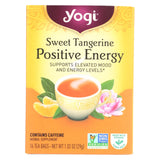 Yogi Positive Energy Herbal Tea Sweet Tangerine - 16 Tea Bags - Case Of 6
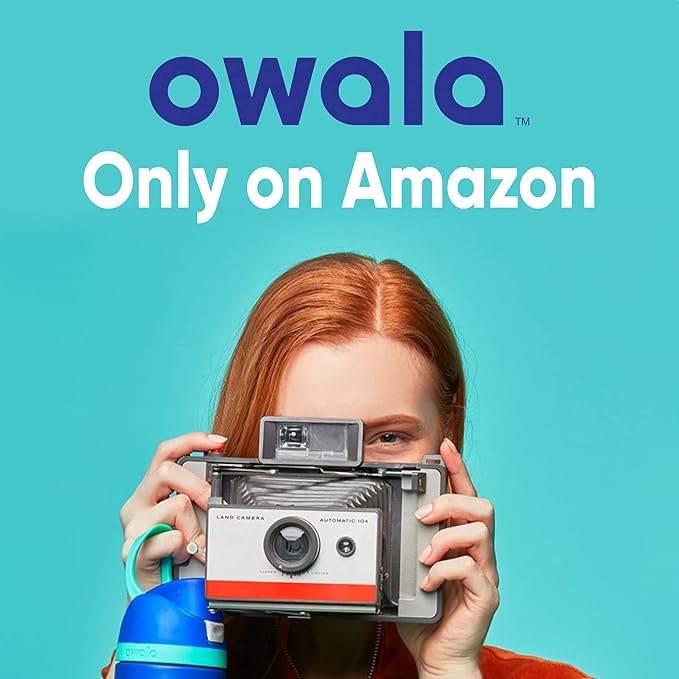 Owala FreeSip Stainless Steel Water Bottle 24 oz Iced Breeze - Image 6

---

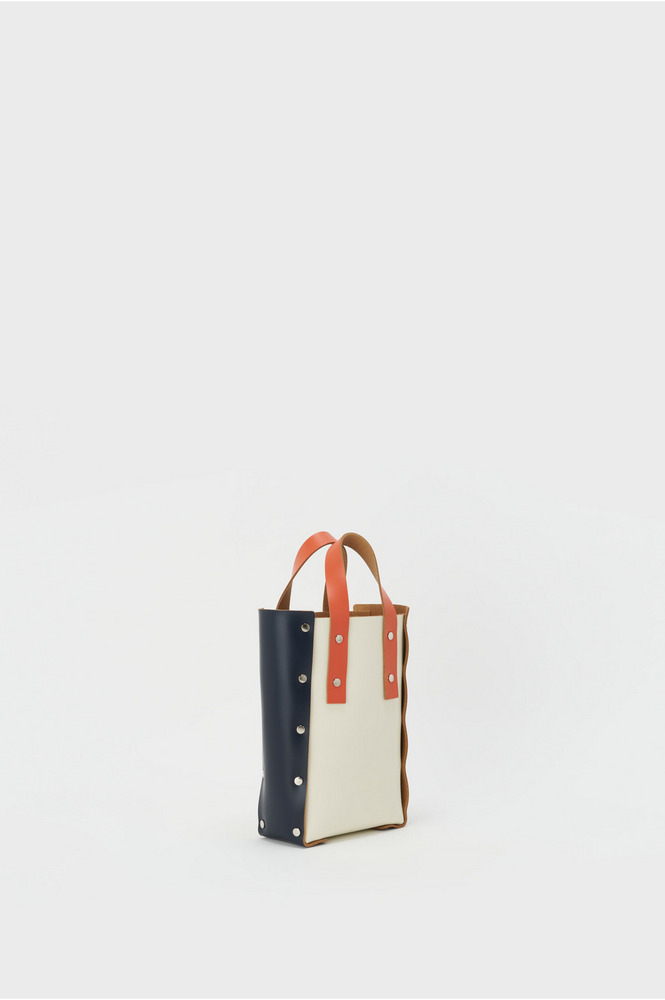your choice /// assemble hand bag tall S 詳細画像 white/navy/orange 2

## Work order:
When you reach the line with "Yogi Positive Energy" in the records above, begin repeating the lines exactly, and stop after the line with "Owala FreeSip Stainless". Skip all pictures.

## Written reply:
 Yogi Positive Energy Herbal Tea Sweet Tangerine - 16 Tea Bags - Case Of 6
 Owala FreeSip Stainless Steel Water Bottle 24 oz Iced Breeze - Image 6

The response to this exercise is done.